Sunday, March 2, 2014

Slice of Life - Day 2

Today I have been working on a demonstration speech that I will model for my speech class.  Below is my outline for the speech.  I will be using this outline to demonstrate how to create a Key Word Outline.  Students have already outlined their speeches, but tomorrow I will be explaining what a Key Word Outline is so that they can create one from their original outlines.  Then, they will use the Key Word Outline to create note cards they can use as memory tools while they deliver their speeches.

MsWagg Demonstration Speech Outline

Main idea: To convey the materials, terms, and steps necessary to paint a room.

Purpose: To convince the audience that painting a room yourself is a cost-efficient, easy way to change a room.

Visual Aides:
·         Paint brush
·         Roller
·         Roller pad
·         Tray
·         Tray cover
·         Paint
·         Tape (optional)
·         Tarp (optional)
·         Cardboard
·         Photo of edged room
·         Slide with descriptions of types of paint (primer, water v. oil, matte v. glossy)

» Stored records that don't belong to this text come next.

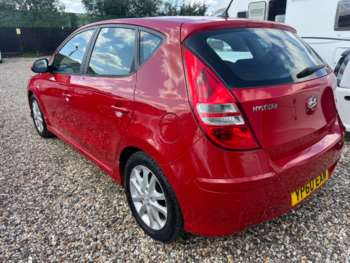 Used Hyundai i30 2010 for sale - 75178493: Photo
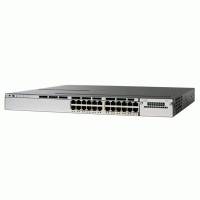 коммутатор Cisco WS-C3750X-24T-S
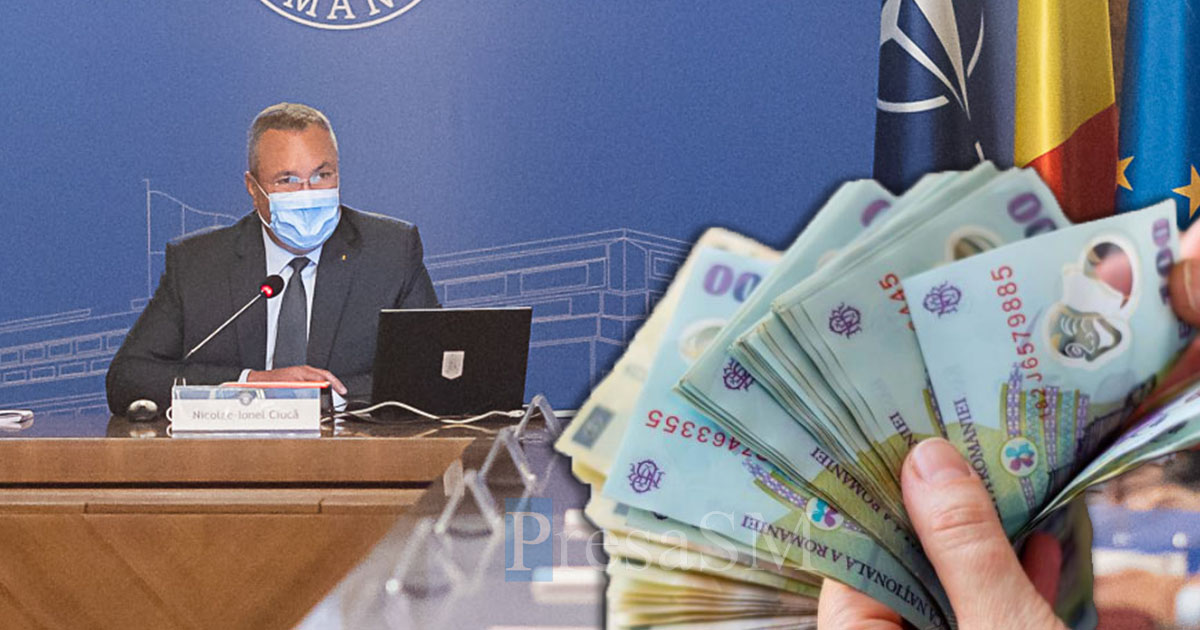 Până la urmă cresc salariile bugetarilor, dar doar un pic. Ce spune Ordonanța modificată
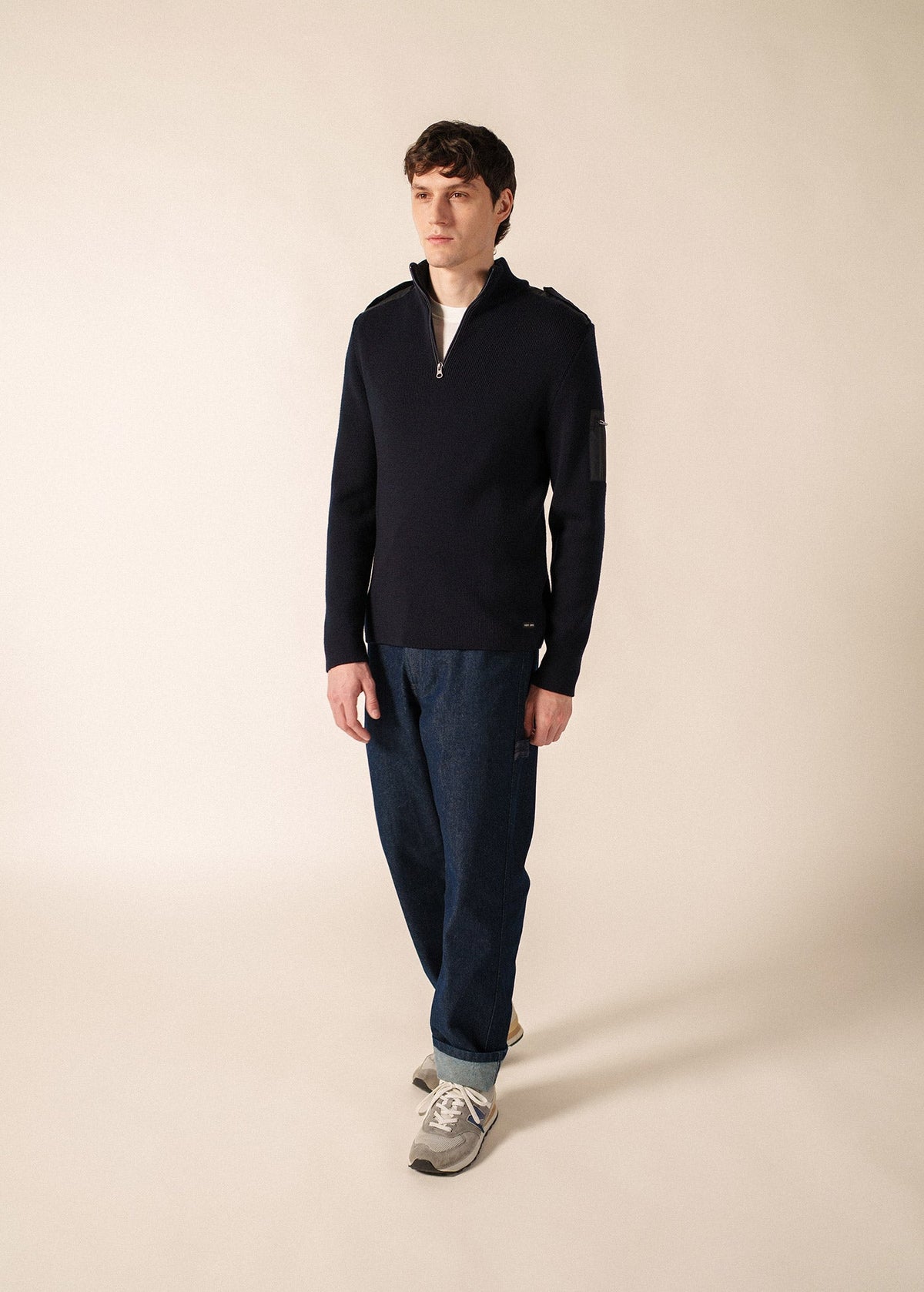 Pull Harris (NAVY)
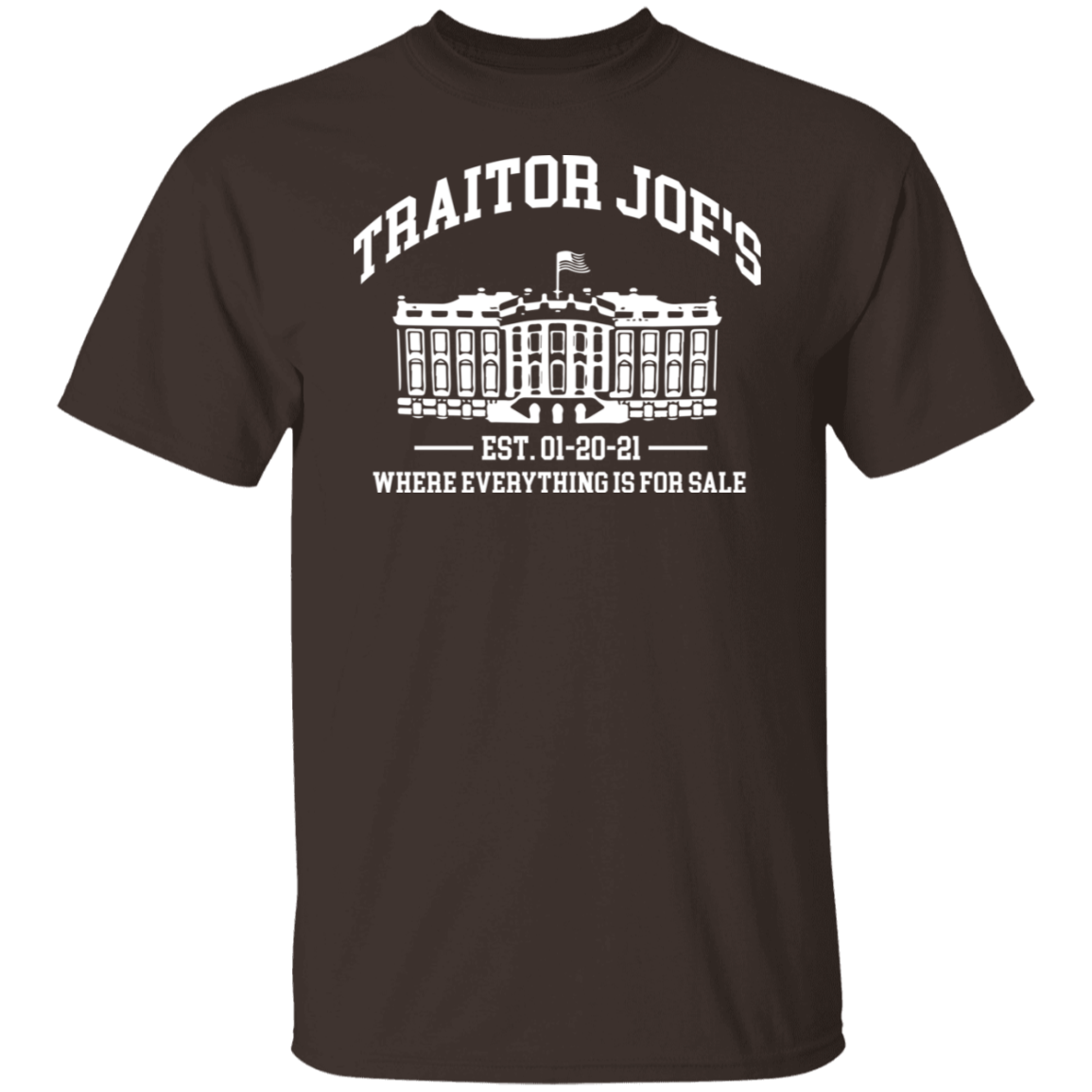 Traitor Joe's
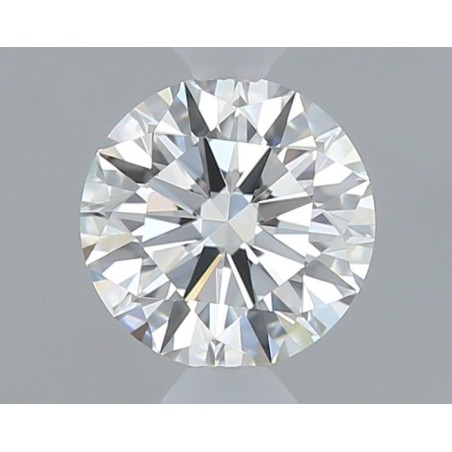 Diament szlif okrągły, 0.32ct, VVS1, G, GIA 2536373834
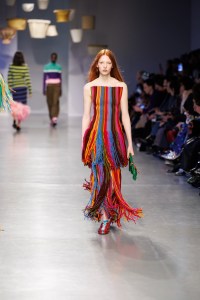 Zomer Fall 2025 Ready-To-Wear Collection at Paris Fashion Week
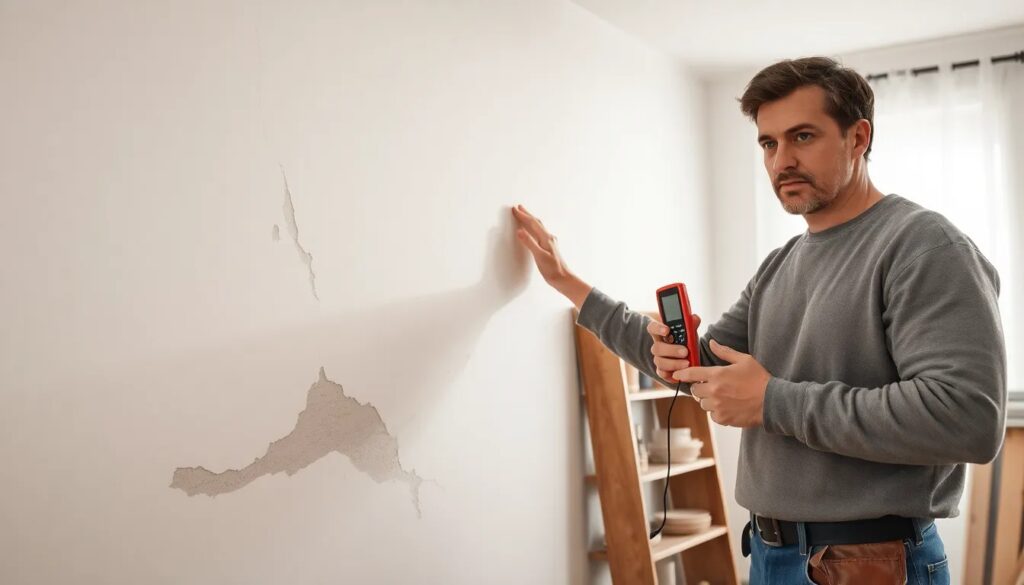 Humedad por capilaridad: cómo evitar que el agua del subsuelo dañe los muros de tu planta baja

Imagine leaving the last day of school in June only to return to the same building the following Monday. For three of my teenage summers, I spent my days at my school, painting walls, doors, floors, and anything that kids can scrawl upon, scratch, and scuff. Eight hours a day, five days a week, I painted. Sound dreary? Unbearable? Not really. True, I painted, and painted, and painted, so perhaps it was a bit monotonous. But I worked with pleasant and interesting young people who were eager to converse about any and every topic, so the days were not terrible. Even better, I learned how to paint so well that I can edge a room with no tape, and when I finish rolling, my paint job looks professional.
What I would like to share with you today is how to paint a room so that you can paint a room professionally without the expense of hiring a professional painter.

Body 1:
  • Prior to painting, there are several decisions you need to make.
    • Color – dark colors vs. light colors
    • Type – location of room and use of room
    • Sheen – personal preference
    • Decide whether the room needs primed.
      • Bare drywall always need a coat of primer to seal the drywall and help the paint adhere.
      • Painting a dark room a lighter color typically needs primed so that you completely cover the previous color.
Body 2:
  • Acquire the necessary materials.
  • Step 1: Edge room.
    • Tape the edges if you have an unsteady hand or are not practiced in painting.
    • Always edge first so that you can roll over the edges to ensure no obvious difference between rolling and edging.
  • Step 2: Roll room.
    • Slow and easy so as not to splatter
    • Repeat over area to completely cover missed spots.
      • Angle roller.
Some may shy away from dipping their “brushes” and tackling the task of painting a room. It does take time and energy. It can be messy. But with knowledge and practice, painting a room yourself can save you hundreds of dollars. Just this month, I saved $300 by priming and painting my own bedroom after contractors remodeled it. Throughout your lifetime, you will live in countless rooms. You will inherit colors that the previous occupants loved but that you see as hideous. You will get tired last year's “Tiffany Blue” and want this year's “Robin's Egg Blue.” Remember this speech, and you will be able to paint your rooms with ease and confidence. 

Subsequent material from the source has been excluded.